Но от этих дум не становилось легче боярину и, вспоминая прощание с дочерью, он чувствовал укоры совести. «Сгубил девку!» – горестно думал он.
Горько было молодой княгине Теряевой – Распояхиной, осталась она одна – одинешенька в Москве в доме нелюбимого мужа, а над ними собиралась новая беда, туча грозовая.

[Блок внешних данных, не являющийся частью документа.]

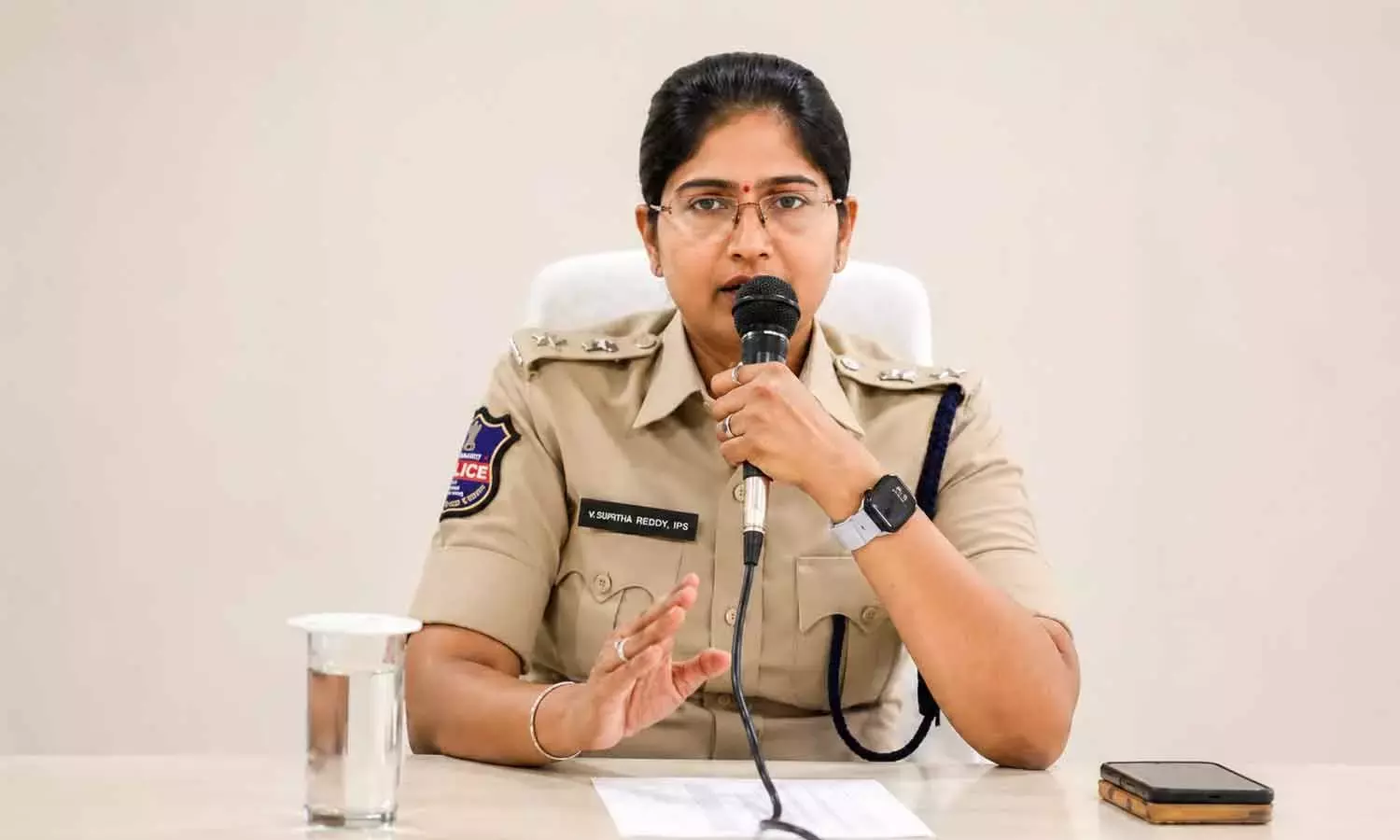 Telangana: वानापर्थी में धारा 30 लागू होने के कारण सार्वजनिक समारोहों पर सख्त प्रतिबंध Telangana: वानापर्थी में धारा 30 लागू होने के कारण सार्वजनिक समारोहों पर सख्त प्रतिबंध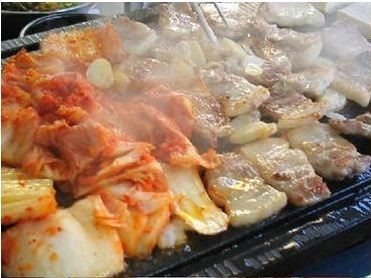 이봇은 맛있는 음식을 추천해주는 봇입니다^.^ 맛있는게 먹고싶은데 먹을께엄따!! 그러면 문의 ㄱㄱ! 이계정은 두명이서 쓴답니당~.~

Нет на свете муки тяжелее муки ревнивого сердца, любящего без взаимности. Молодые сердца не испытывают ее, и она выпадает только на долю пожилых или безобразных лицом.

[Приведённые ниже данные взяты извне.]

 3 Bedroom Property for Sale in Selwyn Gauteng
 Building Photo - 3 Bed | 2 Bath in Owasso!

Такие муки испытывал коломенский торговый человек Парамон Ахлопьев. Был он и годами не молод, и лицом не красив, но любил Людмилу Шерстобитову всею силою своей души. Торгуя панским товаром, не раз продавал он Людмиле и ее матери и камку, и парчу, и атлас для вышивки и пленился Людмилою. Но, как ни искал он ее взаимности, девушка только отворачивалась от него.
Мрачнее тучи ходил Парамон, обдумывая, как бы завладеть Людмилою, и решил действовать через мать. Хитрые глаза да лисий облик Шерстобитовой словно подсказывали ему, что за деньги мать продаст дочь свою, и Парамон Ахлопьев издалека повел речи с дворянскою вдовою.

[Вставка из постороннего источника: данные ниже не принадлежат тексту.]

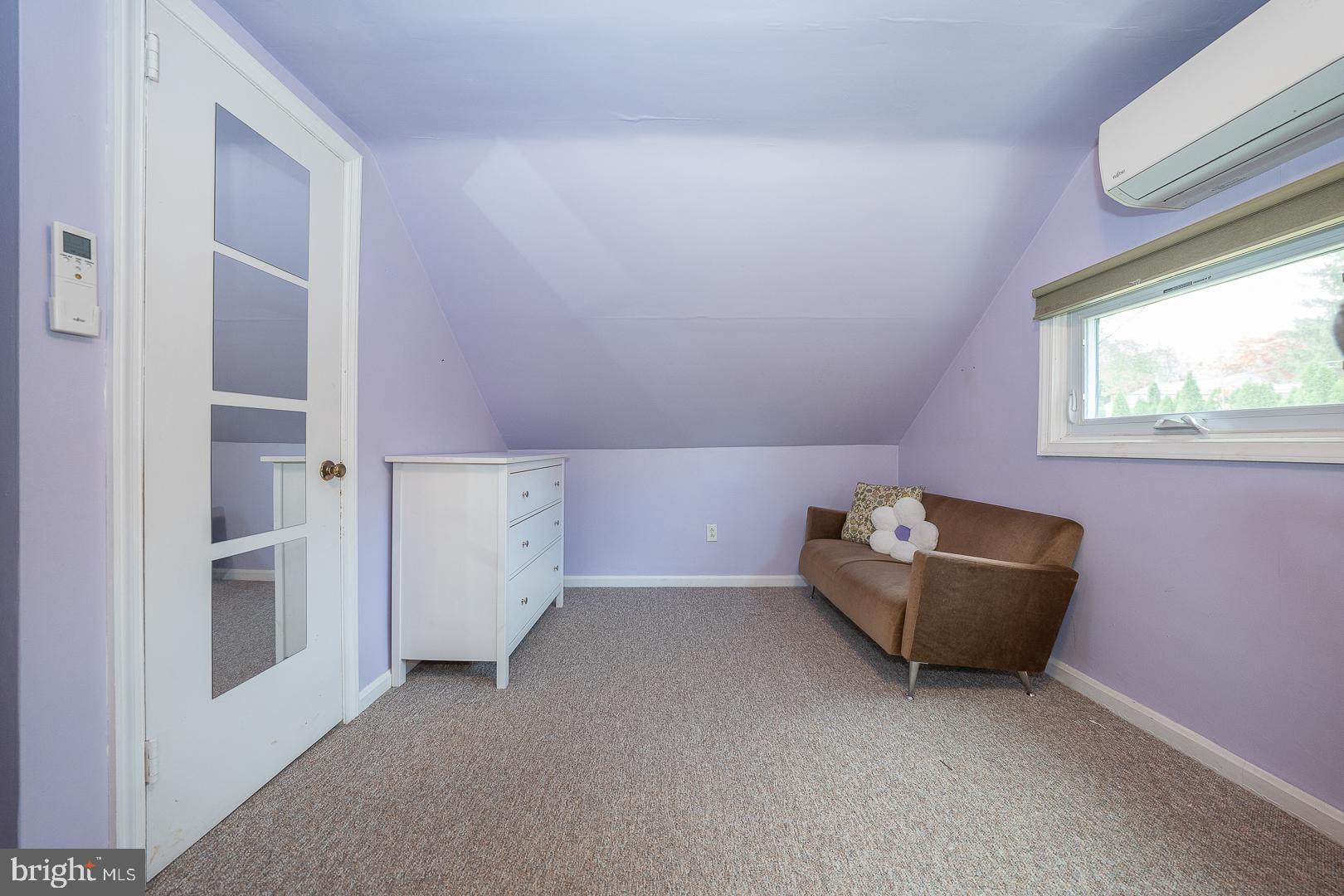 603 South Devon Avenue Wayne, PA 19087 - Photo 19 of 34 Plenty of space for lounging and play!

– Видим мы даже очень, что не по чину живешь ты. Тебе бы сидеть да сенным девушкам приказывать, а ты вон на людей работница! – вкрадчиво сказал ей однажды Ахлопьев.
Шерстобитова вспыхнула и обидчиво сжала губы.
– Я к тому, собственно, что в твоей воле судьбу свою переменить! – продолжал Ахлопьев.
– Это как же переменить ее? – спросила Шерстобитова на его подвохи.
Ахлопьев нагнулся к ней и произнес:
– Отдай, Надежда Петровна, дочь свою за меня. Вот и перемена!
Вдова даже вздрогнула от радости.
– Казны у меня на всех хватит. Дом – чаша полная!
Шерстобитова недолго думала над этим предложением и быстро ответила:
– Засылай сваху!
В три дня порешилось дело. Много слез в ту пору пролила Людмила, но ее мать была непреклонна. Не знала она тогда про свидания дочери с князем, ничего не ведала про их уговор и думала только о перемене жизни с голода на сытость, с хлопот на покой и почет.
Но когда явилась к ней Ермилиха да поведала ей про тайную любовь, да, суля золото, стала сманивать на согласие, голова кругом пошла у дворянской вдовы. Чего не случается? Пока что полюбовница, а там и княгиня! Шутка ли это!.. А денег‑то у князя Теряева уж куда больше, чем у Ахлопьева. Кто не знал в Коломне князя Теряева – Распояхина!
А тут Людмила и заговорила:
– Не быть мне за Парамоном. Лучше с камнем в воду!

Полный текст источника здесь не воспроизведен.